Curing tumor-bearing mice by shifting a Th2 to a Th1 anti-tumor response

Abstract

Over the past several years remarkable therapeutic responses have been obtained with immunomodulatory monoclonal antibodies (mAbs), both in mice \cite{10,18,20,48,54,61} and human cancer patients \cite{1,3,14,28,30,39,80}. However, complete regressions and cures are infrequent and not predictable and some tumor types respond much worse than others. As an attempt to increase curability, we have investigated in mouse models the therapeutic efficacy of several mAb combinations, focusing on anti-PD-1/CTLA-4/CD137 and anti-PD-1/CTLA-4/CD137/CD19, and we have also combined mAbs with the chemotherapeutic drug cisplatin.
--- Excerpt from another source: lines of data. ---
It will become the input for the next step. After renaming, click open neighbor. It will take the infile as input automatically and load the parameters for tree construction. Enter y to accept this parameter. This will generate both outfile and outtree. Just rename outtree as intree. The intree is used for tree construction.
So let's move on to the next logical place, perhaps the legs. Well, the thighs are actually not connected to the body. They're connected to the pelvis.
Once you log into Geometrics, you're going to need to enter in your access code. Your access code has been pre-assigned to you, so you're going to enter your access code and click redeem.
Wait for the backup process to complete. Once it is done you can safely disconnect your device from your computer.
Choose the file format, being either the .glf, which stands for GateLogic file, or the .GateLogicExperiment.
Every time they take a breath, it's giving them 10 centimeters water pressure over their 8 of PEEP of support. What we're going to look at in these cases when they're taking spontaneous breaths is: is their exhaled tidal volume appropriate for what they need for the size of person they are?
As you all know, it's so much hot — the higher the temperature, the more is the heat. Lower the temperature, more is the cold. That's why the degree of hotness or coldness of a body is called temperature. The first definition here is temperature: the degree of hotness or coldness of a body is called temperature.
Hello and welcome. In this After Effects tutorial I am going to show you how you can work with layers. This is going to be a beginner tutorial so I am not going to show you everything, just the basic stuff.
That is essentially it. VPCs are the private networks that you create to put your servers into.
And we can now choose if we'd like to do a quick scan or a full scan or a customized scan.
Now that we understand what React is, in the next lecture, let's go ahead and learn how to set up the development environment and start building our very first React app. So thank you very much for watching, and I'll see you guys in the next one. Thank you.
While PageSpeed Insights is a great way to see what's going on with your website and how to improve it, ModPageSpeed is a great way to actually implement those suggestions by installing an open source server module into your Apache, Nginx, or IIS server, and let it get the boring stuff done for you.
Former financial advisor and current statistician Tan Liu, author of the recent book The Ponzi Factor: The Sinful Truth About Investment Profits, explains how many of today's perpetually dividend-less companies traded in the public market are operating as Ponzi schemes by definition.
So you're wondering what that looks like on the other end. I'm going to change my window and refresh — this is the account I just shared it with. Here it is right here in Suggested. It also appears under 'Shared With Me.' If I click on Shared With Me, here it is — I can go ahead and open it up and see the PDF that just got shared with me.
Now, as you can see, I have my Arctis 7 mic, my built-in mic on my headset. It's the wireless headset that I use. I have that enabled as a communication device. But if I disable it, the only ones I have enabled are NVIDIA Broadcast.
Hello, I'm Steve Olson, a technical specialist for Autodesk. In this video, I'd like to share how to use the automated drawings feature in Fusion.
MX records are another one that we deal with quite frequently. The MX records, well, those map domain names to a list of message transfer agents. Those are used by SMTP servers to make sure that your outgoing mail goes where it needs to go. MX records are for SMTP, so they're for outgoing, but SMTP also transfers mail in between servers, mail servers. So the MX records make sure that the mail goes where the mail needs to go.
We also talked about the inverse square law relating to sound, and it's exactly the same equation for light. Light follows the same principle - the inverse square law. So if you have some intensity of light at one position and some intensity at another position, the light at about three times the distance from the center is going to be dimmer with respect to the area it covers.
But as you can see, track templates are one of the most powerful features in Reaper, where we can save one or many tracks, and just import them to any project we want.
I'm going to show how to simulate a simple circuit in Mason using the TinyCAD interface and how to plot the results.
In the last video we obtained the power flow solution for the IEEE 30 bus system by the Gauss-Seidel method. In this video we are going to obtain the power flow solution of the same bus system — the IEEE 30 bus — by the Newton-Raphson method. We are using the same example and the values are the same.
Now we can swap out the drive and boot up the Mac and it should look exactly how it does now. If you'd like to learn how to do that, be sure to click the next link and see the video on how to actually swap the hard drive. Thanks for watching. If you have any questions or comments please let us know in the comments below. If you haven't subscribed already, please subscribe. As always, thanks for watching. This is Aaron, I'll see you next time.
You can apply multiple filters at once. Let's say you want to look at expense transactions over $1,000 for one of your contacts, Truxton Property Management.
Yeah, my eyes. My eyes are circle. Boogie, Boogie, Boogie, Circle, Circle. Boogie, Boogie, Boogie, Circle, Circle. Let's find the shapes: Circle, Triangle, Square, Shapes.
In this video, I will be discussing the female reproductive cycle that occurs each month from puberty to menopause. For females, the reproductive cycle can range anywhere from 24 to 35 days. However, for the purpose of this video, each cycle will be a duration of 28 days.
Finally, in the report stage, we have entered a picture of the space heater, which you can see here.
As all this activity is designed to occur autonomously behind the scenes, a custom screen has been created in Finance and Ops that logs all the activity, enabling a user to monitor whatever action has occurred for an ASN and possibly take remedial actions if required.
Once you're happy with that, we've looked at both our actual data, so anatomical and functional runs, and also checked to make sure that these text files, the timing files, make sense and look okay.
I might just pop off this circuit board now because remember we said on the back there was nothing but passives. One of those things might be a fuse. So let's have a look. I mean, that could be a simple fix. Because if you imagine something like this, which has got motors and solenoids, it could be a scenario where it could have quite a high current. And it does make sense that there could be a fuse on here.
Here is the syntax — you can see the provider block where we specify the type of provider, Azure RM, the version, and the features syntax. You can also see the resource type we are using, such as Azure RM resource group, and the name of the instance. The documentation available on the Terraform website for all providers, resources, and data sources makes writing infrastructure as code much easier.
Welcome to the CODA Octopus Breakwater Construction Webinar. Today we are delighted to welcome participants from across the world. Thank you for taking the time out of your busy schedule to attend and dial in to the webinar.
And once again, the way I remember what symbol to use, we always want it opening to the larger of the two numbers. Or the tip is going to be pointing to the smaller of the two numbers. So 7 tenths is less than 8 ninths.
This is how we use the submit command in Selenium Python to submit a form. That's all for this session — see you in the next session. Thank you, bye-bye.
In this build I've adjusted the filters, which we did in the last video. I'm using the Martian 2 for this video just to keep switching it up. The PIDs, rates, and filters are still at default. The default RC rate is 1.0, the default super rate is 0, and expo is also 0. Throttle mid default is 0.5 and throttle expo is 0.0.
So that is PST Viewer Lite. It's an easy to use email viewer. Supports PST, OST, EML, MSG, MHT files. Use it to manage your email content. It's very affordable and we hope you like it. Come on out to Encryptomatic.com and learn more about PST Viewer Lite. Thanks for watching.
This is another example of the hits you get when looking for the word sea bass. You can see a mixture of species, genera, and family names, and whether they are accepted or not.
Our data demonstrate an important contribution of anti-CD19 mAb to therapeutic efficacy, they show that intratumoral delivery of the mAbs is therapeutically more effective than systemic delivery, and that there is synergy when the mAbs are combined with cisplatin. In an attempt to improve predictability, we developed an in vitro model that may also be employed to search for novel immunomodulatory agents and combinations. This article reviews our data and discusses what is known about the underlying mechanisms.

Keywords: Tumor immunotherapy; autoimmunity; checkpoint inhibitors; immunomodulatory antibody; immunosuppression; mouse models.